Sotto il tacco degli stivali del Tatmadaw molto è cambiato nel Myanmar dalla sollevazione democratica del 1988 alla resistenza del 2021.
I giornalisti che seguirono gli eventi della sollevazione democratica del 1988 in Myanmar hanno quella sensazione di deja vu nel vedere ancora una volta il ritorno dei carriarmati del Tatmadaw nelle strade delle grandi città per reprimere brutalmente i manifestanti, molti dei quali sono scappati sulla frontiera per combattere e per formare un governo che lavora per lo più in esilio.
Accadrà di nuovo? Ci saranno altri decenni di duro governo militare, di resistenza e di sofferenze?
Riusciranno gli uomini in verde a riprendersi e capire che più che ‘salvare’ lo distruggono il paese?
Con una analisi più approfondita si vedono alcune differenze fondamentali tra la situazione di oggi e quella di 33 anni fa.
Prima di tutto, i media digitali hanno cambiato il mondo e il Myanmar non fa eccezione. Nel 1988 non esistevano internet e gli smartphone ed i giornalisti che seguivano gli eventi da Bangkok si affidavano a linee telefoniche incerte e spesso guaste.
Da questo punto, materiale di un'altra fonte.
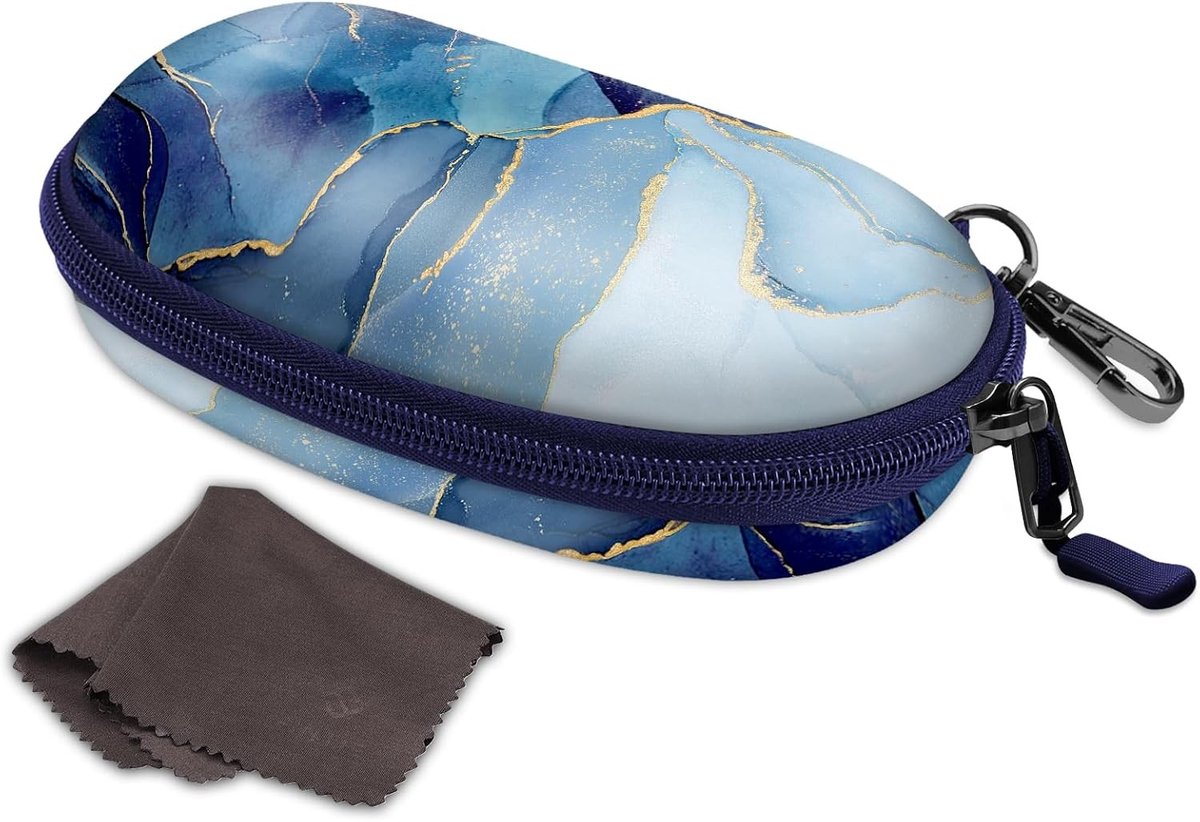 Zonnebril Etui met Carabiner en Rits - Ruim Hardcase voor Zonnebrillen en Sportbrillen, Ideaal voor Buitenactiviteiten en Fietsen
Cominciò l’otto di agosto del 1988, da cui 8888, con massicce manifestazioni in tutto il paese. Furono chiamati i militari a sopprimere le rivolta e lo fecero con brutalità.
Ad essere uccise furono migliaia di persone, sì migliaia e non centinaia come alcuni sostengono, nella capitale di allora Yangoon e nel paese. Quando questo non riuscì a sottomettere la gente, il Tatmadaw si ritirò dalle strade e dalla vista sperando che si creasse quel caos che serviva loro ad entrare in campo e “restaurare l’ordine”. Fu quello che successe esattamente il 18 settembre quando una giunta autodefinitasi Consiglio della legge dello stato e del restauro dell’ordine, SLORC, prese il potere creando un altro massacro.
Nel mese da metà agosto al 18 settembre, il Myanmar godette del primo mese di libertà intellettuale dal golpe del 1962. Dopo oltre 2 mesi di controllo governativo ferreo sui media, emersero nuovi giornali indipendenti.
Alla fine di agosto Yangon sola aveva 40 giornali indipendenti, riviste e giornali pieni di commenti politici, satire politiche e vignette che mettevano alla berlina l’elite al potere. Alcuni erano scritti a mano e poi fotocopiati oppure ciclostilati, mentre altri erano stampati anche senza soldi perché i proprietari volevano mostrare il loro sostegno al movimento democratico.
Erano essenzialmente in birmano nonostante il nome in inglese e pubblicati localmente a Yangon, Mandalay, Mawlamyine o Pathein ed il loro contenuto non riusciva quasi mai a raggiungere il mondo esterno. E ciò era vero anche per le foto che fotografi locali scattavano e pubblicavano localmente.
Uno di loro è Htein Win a cui dobbiamo l’esistenza delle prove di ciò che accadde nel 1988. Nel 1974 Htein Win, fotografo esperto, fotografò anche le dimostrazioni studentesche in occasione dei funerali di U Thant, ex segretario generale ONU.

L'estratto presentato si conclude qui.